Ce mécanisme limite le risque de récession immédiate mais rend le cycle plus vulnérable à un choc externe — un retournement de la demande, un durcissement réglementaire ou une rupture sectorielle peut propager rapidement des effets sur l’emploi caché. Le contexte se rapproche d’une stagflation douce, où la croissance est faible mais où les tensions sur certains prix persistent.

Contraintes budgétaires : un frein structurel rare dans les cycles précédents

Différence majeure avec les cycles passés : la situation des finances publiques. Les déficits restent élevés (États-Unis à 6,3 % du PIB en 2025, France à 5,8 % selon les chiffres Insee/CBO), et la dette publique limite la capacité des États à soutenir l’économie en cas de ralentissement marqué.

Le soutien budgétaire massif observé après 2020 (plans de relance dépassant 10 % du PIB cumulés sur 2020–2022 dans la plupart des grandes économies) est peu probable dans les prochaines récessions cycliques. Cette contrainte renforce l’hypothèse d’un cycle plus lent et plus discipliné, où les ajustements se font davantage par le marché que par l’intervention publique.

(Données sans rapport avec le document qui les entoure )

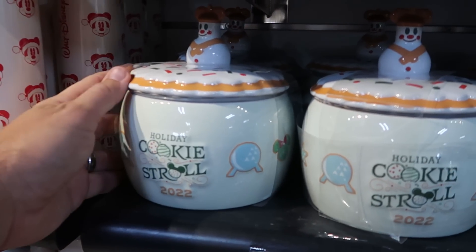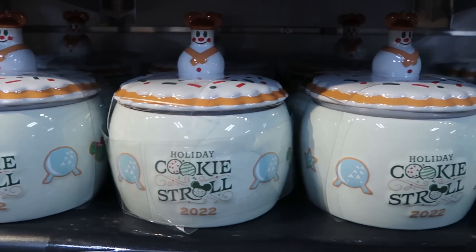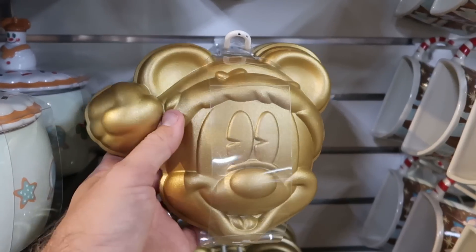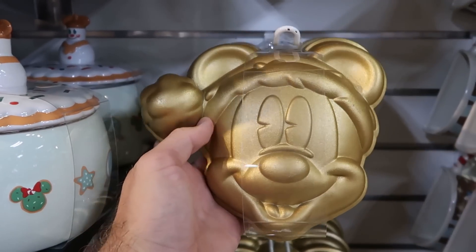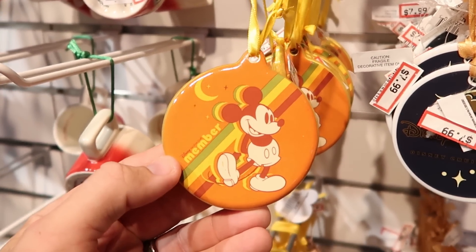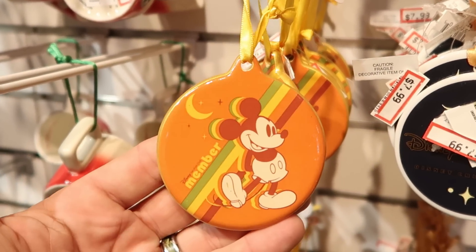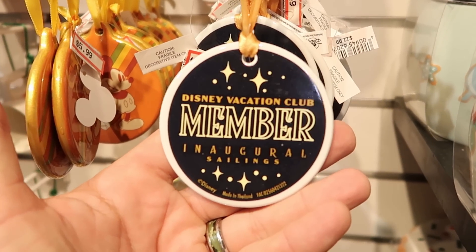From Epcot 2022, they have the Holiday Cookie Tree Stroll little cookie jars for $7.99 — you got the little Snowman Mickey up there. Check out the cake tins with Mickey as Santa Claus — $19.99 from $30. They also have a lot of really fun Christmas ornaments for Disney Vacation Club members — very retro colors, with a moon and Cinderella Castle on the backside. Those are $5.99.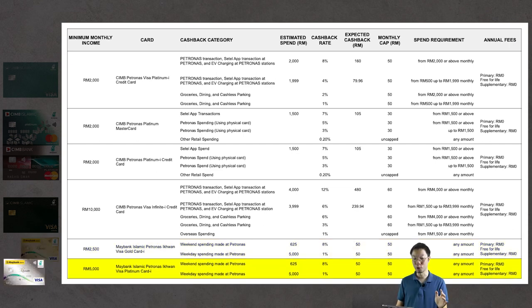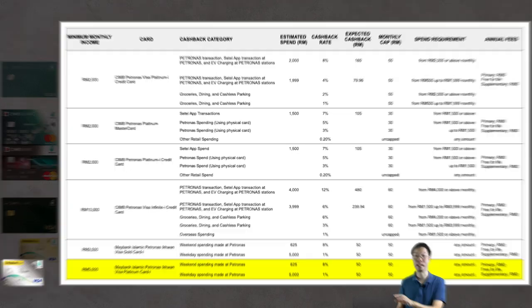For the last card — the Maybank Islamic Petronas Iqwan Visa Platinum Card I — the numbers are identical. Spending RM5,000 on weekdays and RM625 on weekends at Petronas stations reaches the maximum cashback rates of 1% and 8% respectively, returning RM50 in cashback for both weekend and weekday spending.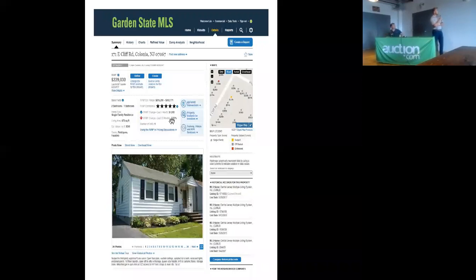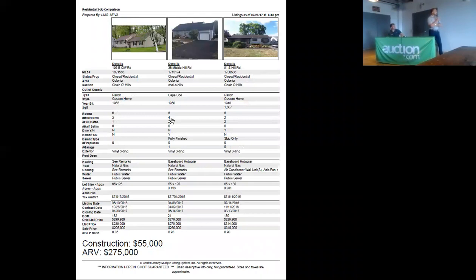Now, many of these comparable homes are a little bit larger than the subject property, so we do have to make some adjustments. This property with $55,000 of renovations — maybe more, because a home in Colonia with an addition would merit a higher price — is going to come in at about $275,000 after repair value.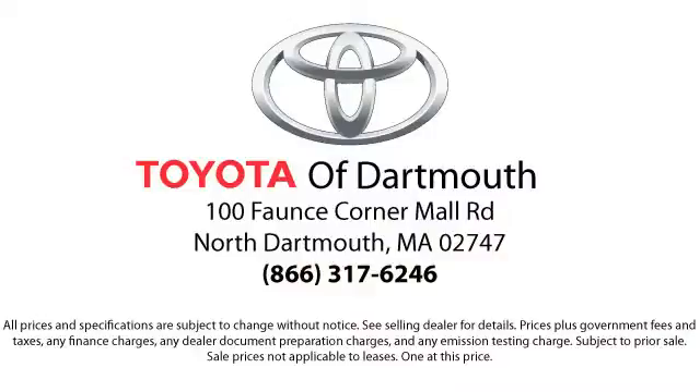You'll see why Toyota of Dartmouth has been the South Coast's dealer of choice for over 17 years. At Toyota of Dartmouth, we have the Price Promise.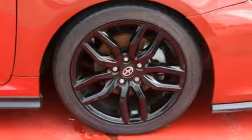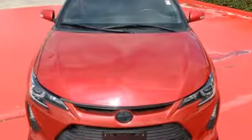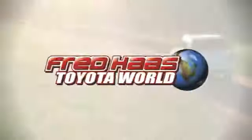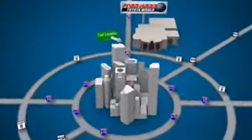Getting more than you bargained for is a good thing when you're driving this Scion TC. Take it home today. Fred Haas Toyota World has been a hallmark of our community for more than 40 years. Easy to find on I-45 North at Luetta, just 2 miles north of 1960.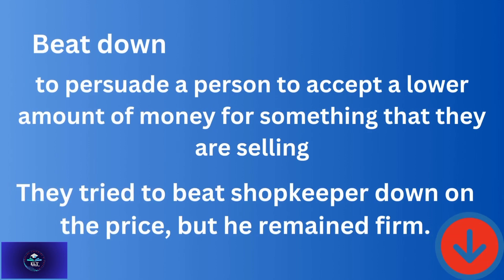'Beat down' — to persuade a person to accept a lower amount of money for something they are selling. For example: They tried to beat the shopkeeper down on the price, but he remained firm. This phrasal verb is used from the customer's perspective.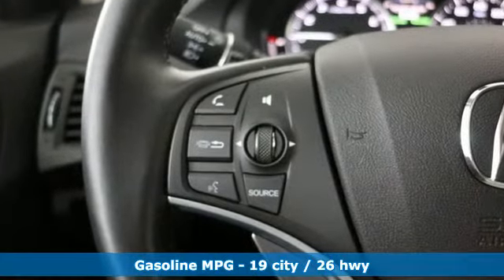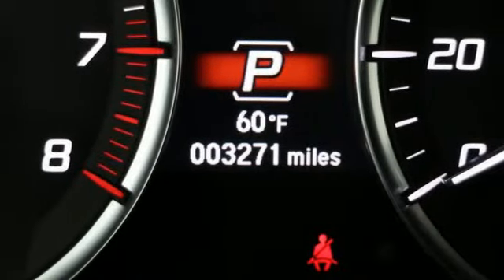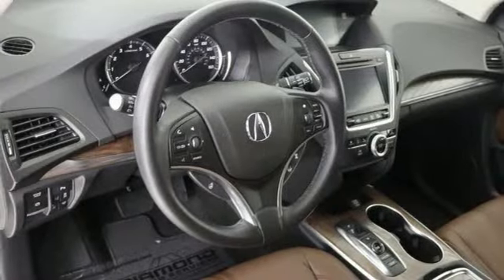Streaming audio, power heated mirrors, heated and ventilated leather sports seats, front and rear parking sensors, doors and push button start proximity key.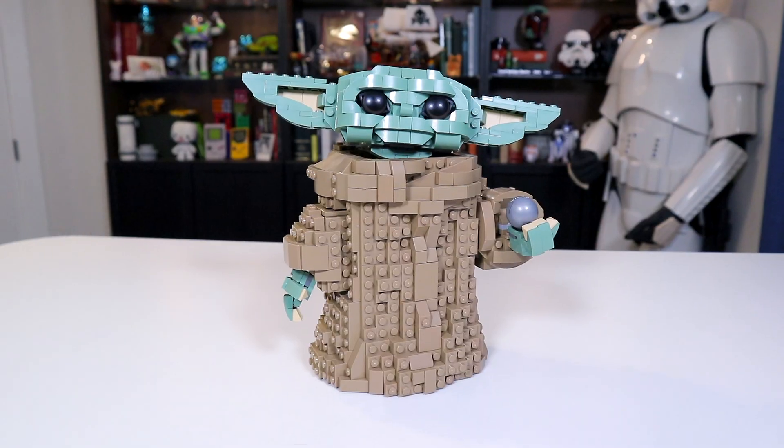Personally, it saddens me deeply to see Baby Yoda saddened, so I like to keep his expression in a happier sense, where his head is tilted, his mouth is open, and his ears are up. Besides the head, the only other kind of interesting bit in this set worth talking about is probably his hands — they are very slightly articulatable.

Implications pour les décisions économiques et financières

Dans un cycle de ce type, plusieurs lignes de force se dessinent :

  • pour les investisseurs, les bilans solides et la capacité documentée à générer du cash-flow ont historiquement mieux résisté que les valeurs de croissance pure dans les phases de taux réels positifs prolongés (analyses Morgan Stanley sur 1970–2024) ;
  • pour les entreprises, l’investissement en productivité devient un déterminant central de la capacité à préserver les marges sous contrainte de coût du capital ;
  • pour les particuliers, la stabilité apparente des indicateurs macro peut masquer des ajustements lents mais durables sur le pouvoir d’achat réel et la composition de l’épargne.

Dans ce contexte, des approches combinant sécurité et exposition ciblée aux gagnants structurels — type stratégie barbell — retrouvent une logique fondamentale.

Un cycle lent, mais pas une impasse

Le cycle économique 2025–2028 ne correspond ni à une expansion classique ni à une récession franche. Les données sous-jacentes sont compilées dans le sub-pilier sur le cycle économique, ses phases et son cadre, et la difficulté à le lire avec les indicateurs habituels est précisément le sujet du cadre Eco3min sur le cycle économique réel au-delà des chiffres conjoncturels. Il s’apparente à un régime de croissance lente marqué par des gains de productivité inégaux et une forte sélection entre acteurs.

Lire ce cycle avec les grilles du passé exposerait à des erreurs d’interprétation symétriques : attendre une récession qui ne vient pas, ou anticiper un rebond cyclique qui ne se matérialise pas dans les marges. La distinction entre acteurs capables d’absorber un coût du capital plus élevé et acteurs structurellement dépendants du crédit bon marché devient l’axe central d’analyse, en macro comme en allocation de portefeuille.